La Commission attend du gouvernement hongrois « qu’il apporte des clarifications nécessaires », a déclaré une porte-parole de l’exécutif européen, Anitta Hipper. « Une relation de confiance entre les Etats membres ainsi qu’entre eux et les institutions est fondamentale pour le bon fonctionnement de l’UE », a-t-elle insisté, lundi. Les allégations contre la Hongrie ont également été qualifiées de « très graves » par l’Allemagne.
En campagne pour les législatives du 12 avril, le premier ministre hongrois, Viktor Orban, a dénoncé une « attaque grave » contre la Hongrie, évoquant, sans preuves, une mise sur écoute de son chef de la diplomatie, Peter Szijjarto.
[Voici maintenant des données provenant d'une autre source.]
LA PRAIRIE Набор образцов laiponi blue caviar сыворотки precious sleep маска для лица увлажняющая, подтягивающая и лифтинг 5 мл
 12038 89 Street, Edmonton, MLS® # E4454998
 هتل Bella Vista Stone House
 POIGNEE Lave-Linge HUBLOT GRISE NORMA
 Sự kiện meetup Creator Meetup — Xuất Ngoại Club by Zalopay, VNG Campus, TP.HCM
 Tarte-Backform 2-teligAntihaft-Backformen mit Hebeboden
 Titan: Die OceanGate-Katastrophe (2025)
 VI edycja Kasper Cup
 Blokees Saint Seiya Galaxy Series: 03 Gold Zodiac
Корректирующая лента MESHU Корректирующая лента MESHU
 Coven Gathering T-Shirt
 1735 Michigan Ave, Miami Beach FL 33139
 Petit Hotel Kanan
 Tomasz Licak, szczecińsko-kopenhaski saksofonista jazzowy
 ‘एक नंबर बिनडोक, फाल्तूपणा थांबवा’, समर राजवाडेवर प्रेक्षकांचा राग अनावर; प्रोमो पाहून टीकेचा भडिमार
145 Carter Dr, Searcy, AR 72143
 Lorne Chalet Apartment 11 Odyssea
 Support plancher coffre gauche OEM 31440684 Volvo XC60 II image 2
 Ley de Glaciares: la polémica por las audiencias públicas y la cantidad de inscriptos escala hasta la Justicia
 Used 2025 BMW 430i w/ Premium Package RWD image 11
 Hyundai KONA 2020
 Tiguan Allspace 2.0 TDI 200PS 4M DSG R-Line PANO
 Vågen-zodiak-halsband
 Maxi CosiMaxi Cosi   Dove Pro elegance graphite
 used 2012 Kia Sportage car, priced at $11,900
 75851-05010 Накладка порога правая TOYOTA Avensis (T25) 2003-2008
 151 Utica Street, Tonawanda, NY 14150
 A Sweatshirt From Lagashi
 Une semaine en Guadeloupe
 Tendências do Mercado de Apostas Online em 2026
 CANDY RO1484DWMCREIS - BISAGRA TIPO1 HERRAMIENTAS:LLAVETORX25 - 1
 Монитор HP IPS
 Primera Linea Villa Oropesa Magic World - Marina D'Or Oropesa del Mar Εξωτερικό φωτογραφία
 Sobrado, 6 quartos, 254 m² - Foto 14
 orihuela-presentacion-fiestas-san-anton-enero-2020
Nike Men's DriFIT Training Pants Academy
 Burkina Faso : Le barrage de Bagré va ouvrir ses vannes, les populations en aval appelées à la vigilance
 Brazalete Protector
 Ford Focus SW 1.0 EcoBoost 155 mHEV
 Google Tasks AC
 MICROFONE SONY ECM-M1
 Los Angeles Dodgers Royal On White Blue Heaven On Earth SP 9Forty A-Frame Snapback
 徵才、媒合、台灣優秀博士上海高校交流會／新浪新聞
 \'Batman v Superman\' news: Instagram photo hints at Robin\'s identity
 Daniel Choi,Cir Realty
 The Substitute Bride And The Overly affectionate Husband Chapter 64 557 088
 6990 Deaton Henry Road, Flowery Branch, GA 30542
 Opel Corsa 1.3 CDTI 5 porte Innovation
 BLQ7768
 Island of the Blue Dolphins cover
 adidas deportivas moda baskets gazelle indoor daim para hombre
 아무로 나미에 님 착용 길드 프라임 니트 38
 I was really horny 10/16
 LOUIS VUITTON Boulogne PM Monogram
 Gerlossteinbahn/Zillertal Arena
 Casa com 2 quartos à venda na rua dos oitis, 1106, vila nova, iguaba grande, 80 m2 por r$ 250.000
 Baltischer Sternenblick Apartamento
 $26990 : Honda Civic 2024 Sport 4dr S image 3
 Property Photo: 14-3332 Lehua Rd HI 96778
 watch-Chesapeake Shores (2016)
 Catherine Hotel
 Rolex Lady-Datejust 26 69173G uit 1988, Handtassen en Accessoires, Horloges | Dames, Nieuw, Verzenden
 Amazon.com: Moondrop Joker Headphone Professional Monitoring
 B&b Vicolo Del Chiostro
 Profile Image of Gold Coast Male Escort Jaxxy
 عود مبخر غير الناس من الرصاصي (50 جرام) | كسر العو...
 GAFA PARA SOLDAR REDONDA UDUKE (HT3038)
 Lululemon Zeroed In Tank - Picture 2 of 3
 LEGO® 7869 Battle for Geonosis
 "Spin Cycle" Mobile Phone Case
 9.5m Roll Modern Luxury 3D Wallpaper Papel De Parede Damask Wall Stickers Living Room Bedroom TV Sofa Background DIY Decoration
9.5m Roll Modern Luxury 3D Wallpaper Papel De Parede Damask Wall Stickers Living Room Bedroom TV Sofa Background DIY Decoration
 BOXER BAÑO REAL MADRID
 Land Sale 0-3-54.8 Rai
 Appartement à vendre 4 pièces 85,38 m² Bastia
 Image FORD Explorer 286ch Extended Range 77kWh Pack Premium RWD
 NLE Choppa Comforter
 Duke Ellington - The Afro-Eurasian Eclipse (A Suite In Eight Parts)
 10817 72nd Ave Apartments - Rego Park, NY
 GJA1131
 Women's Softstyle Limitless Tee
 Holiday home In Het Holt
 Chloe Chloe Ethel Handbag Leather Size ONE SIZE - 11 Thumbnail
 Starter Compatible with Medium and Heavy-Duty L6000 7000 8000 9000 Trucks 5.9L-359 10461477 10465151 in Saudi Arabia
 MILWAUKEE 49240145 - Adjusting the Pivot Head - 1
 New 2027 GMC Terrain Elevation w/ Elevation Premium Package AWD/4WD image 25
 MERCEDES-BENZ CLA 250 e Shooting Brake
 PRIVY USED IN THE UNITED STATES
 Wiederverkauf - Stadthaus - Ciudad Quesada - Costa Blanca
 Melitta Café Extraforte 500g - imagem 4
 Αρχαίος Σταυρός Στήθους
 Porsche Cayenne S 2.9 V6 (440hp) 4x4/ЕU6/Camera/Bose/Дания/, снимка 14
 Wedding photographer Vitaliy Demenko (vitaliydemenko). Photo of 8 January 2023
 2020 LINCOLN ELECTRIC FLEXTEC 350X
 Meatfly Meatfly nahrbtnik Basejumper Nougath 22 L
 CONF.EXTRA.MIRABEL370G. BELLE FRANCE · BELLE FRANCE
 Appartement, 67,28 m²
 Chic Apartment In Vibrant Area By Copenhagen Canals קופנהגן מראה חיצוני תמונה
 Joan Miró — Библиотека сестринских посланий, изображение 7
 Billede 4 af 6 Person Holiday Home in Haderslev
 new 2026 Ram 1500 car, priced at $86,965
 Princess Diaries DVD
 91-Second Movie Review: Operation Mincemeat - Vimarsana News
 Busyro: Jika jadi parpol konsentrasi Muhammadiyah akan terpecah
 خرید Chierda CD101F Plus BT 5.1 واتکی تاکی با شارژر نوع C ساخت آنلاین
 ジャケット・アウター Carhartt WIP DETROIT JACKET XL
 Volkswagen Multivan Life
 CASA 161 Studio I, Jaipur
Le premier ministre polonais, Donald Tusk, a jugé que l’article du Washington Post « ne devrait surprendre personne. Nous le soupçonnons depuis longtemps ». C’est « l’une des raisons pour lesquelles je prends la parole uniquement lorsque c’est strictement nécessaire et que je ne dis que le strict nécessaire », a-t-il affirmé sur son compte X. Selon Politico, l’UE a décidé de restreindre l’accès de la Hongrie aux informations sensibles et privilégie des réunions en format réduit.
Politico ajoute que l’accès du parti allemand d’extrême droite AfD à des documents confidentiels de l’UE suscite des inquiétudes quant à de possibles fuites vers la Russie. « Le problème, c’est que nous avons un parti, l’AfD, pour lequel il existe des soupçons fondés de fuites d’informations vers la Chine ou la Russie », a résumé le député écologiste Anton Hofreiter, président de la commission des affaires européennes du Bundestag, cité par la publication.